Run this, restart the process, and the deleted key comes back from the dead. _rebuild_index() scans every segment from the oldest, sees the alice=... record that is still sitting there under fsync, and helpfully puts it in the index. The delete was a lie. It existed only inside the running process's RAM and died with it.

You cannot fix this by rewriting the old record. You cannot fix it by poking a hole in the old segment. Append-only is a contract; the whole rest of the engine — compaction's liveness test, segmented backups, crash recovery — depends on it. So if you want delete to work, the contract forces a specific shape on the fix: a delete must itself be an append.

That append is called a tombstone.

The delete problem, stated plainly

A tombstone is a record that says, by its mere presence, "the key named here is deleted as of this point in the log." The machinery that reads the log must understand the marker. get() checks the index, finds an entry, opens the segment, reads the record, sees the tombstone byte, and returns None — just as if the key had never been written. Compaction sees the tombstone during its liveness scan and treats it as live (it still points to the tombstone) until it can prove that no older record for the same key survives anywhere in the store. Only then is it safe to drop.

A log after a delete. The key age was written twice and then deleted. The two old age=... records are dead (older than the delete). The tombstone record — drawn with a skull — is the newest record for the key and is pointed at by the index. A get("age") follows the index to the tombstone and returns None.
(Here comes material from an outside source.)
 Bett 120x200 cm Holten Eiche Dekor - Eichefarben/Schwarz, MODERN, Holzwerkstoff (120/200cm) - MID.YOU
Notice what this diagram makes visible. The delete is not the absence of a record. It is the presence of a specific kind of record. Deletion in an append-only store is a form of writing. The marker is durable (it is in the log, it survives restart), it has an offset (compaction can reason about it), and it has a shape that get() recognises (a sentinel byte or string that no valid value can ever equal).

Encoding a tombstone

You need a byte pattern in the record's payload that cannot be mistaken for a real value. Two approaches are common.

A sentinel string. Write key=\x00__TOMB__\x00\n. Readers compare the value bytes against the sentinel and return None if they match. Cheap and text-framing-friendly. Relies on the sentinel never appearing in genuine data, which is safe if you escape or restrict user input but can bite you in ways you did not expect.
A type byte in the record header. Prefix every record with one byte: 0x00 for a normal put, 0x01 for a tombstone. Readers dispatch on the byte; they never look at the value for a tombstone record. Robust, language-agnostic, and sets you up for more record types later (range deletes, expiring keys, transactional markers).
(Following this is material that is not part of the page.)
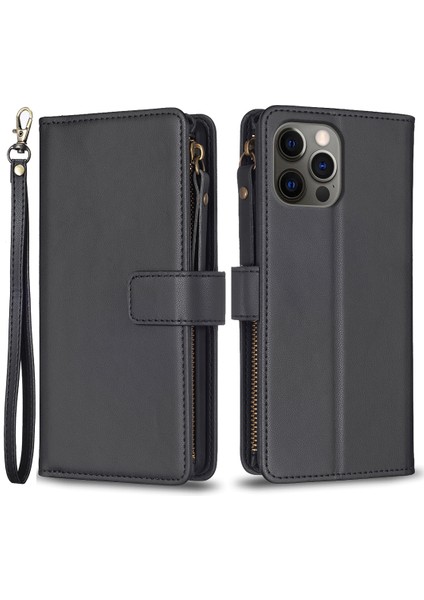 iPhone 12 /12 Pro Proderi Anti Deri Kılıf Zipper Cep Stand Telefon Cüzdan Kapağı (Yurt Dışından)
Real Bitcask does option 2, as does RocksDB, Cassandra, Kafka's log-compacted topics, and essentially every mature log-structured engine. For the teaching code we will do it too — the cost is one byte per record, paid by everyone, and it cleanly separates "what kind of record is this" from "what is its payload."
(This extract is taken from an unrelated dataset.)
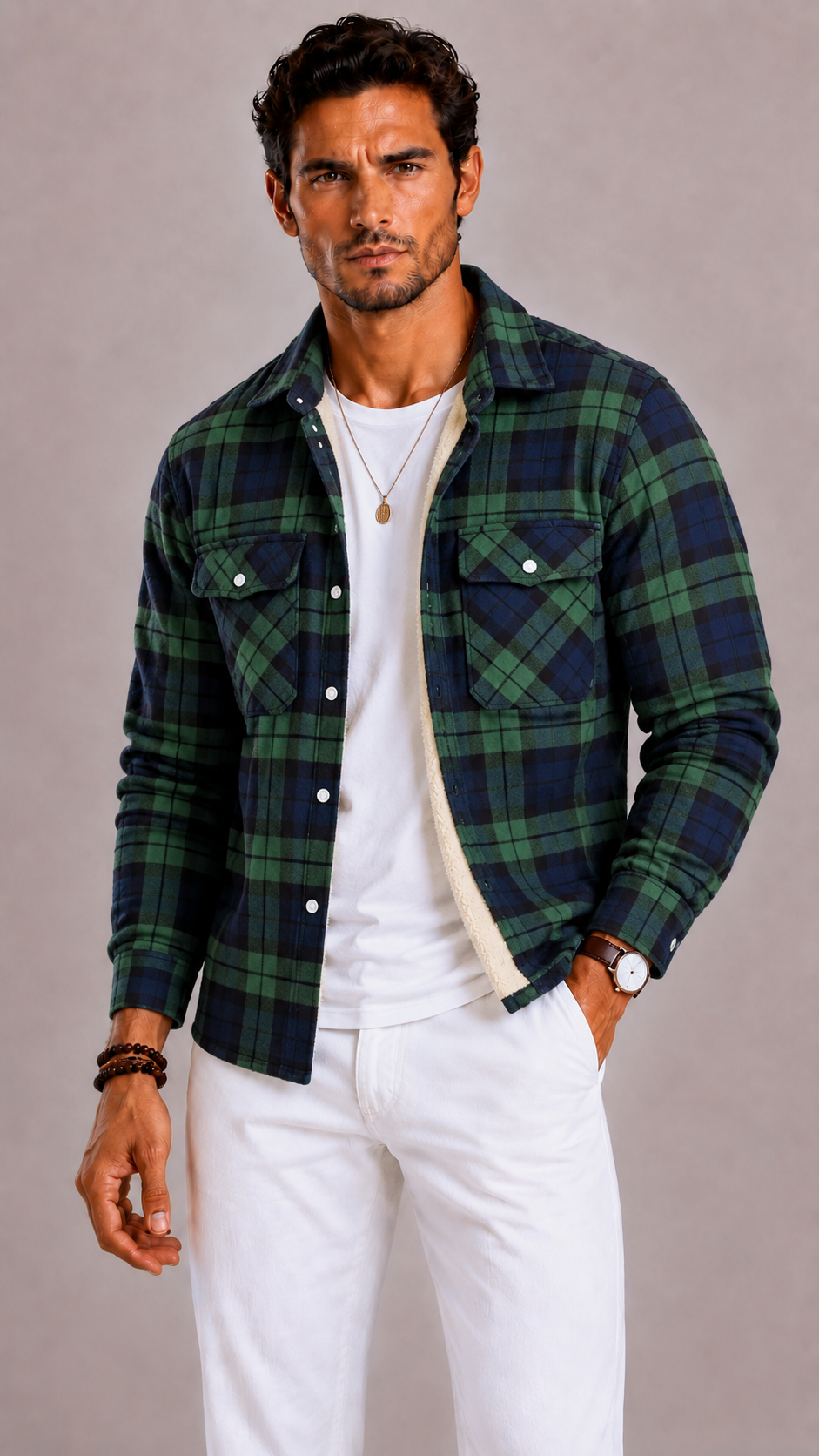 Veste Jasper homme en flanelle vintage, doublure polaire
Our existing segment records have the text shape key=value\n. Extending them to carry a type byte keeps the same framing readable by hand:

normal put:    \x00 name=dipti\n
tombstone:     \x01 age=\n

The leading byte is the record type. For a tombstone we leave the value empty — there is no meaningful payload — but the key= prefix remains, because every record must carry its key (compaction and recovery scan records and look up keys without any external hint).

Writing it — `delete()` on `BitcaskSegmented`

We extend the class from the previous chapters. Two small surgeries.

# bitcask_tombstone.py — adds delete() to the compact-aware BitcaskSegmented
RECORD_PUT  = b"\x00"
RECORD_TOMB = b"\x01"

class BitcaskSegmented:
    # ... __init__, _rotate_segment, _rebuild_index, compact() from earlier ...

    def put(self, key, value):
        record = RECORD_PUT + f"{key}={value}\n".encode("utf-8")
        offset = self._active.tell()
        self._active.write(record)
        self._active.flush()
        self._index[key] = (self._active_id, offset)
        self._rotate_if_needed()

    def delete(self, key):
        """Append a tombstone record. The key is now logically absent.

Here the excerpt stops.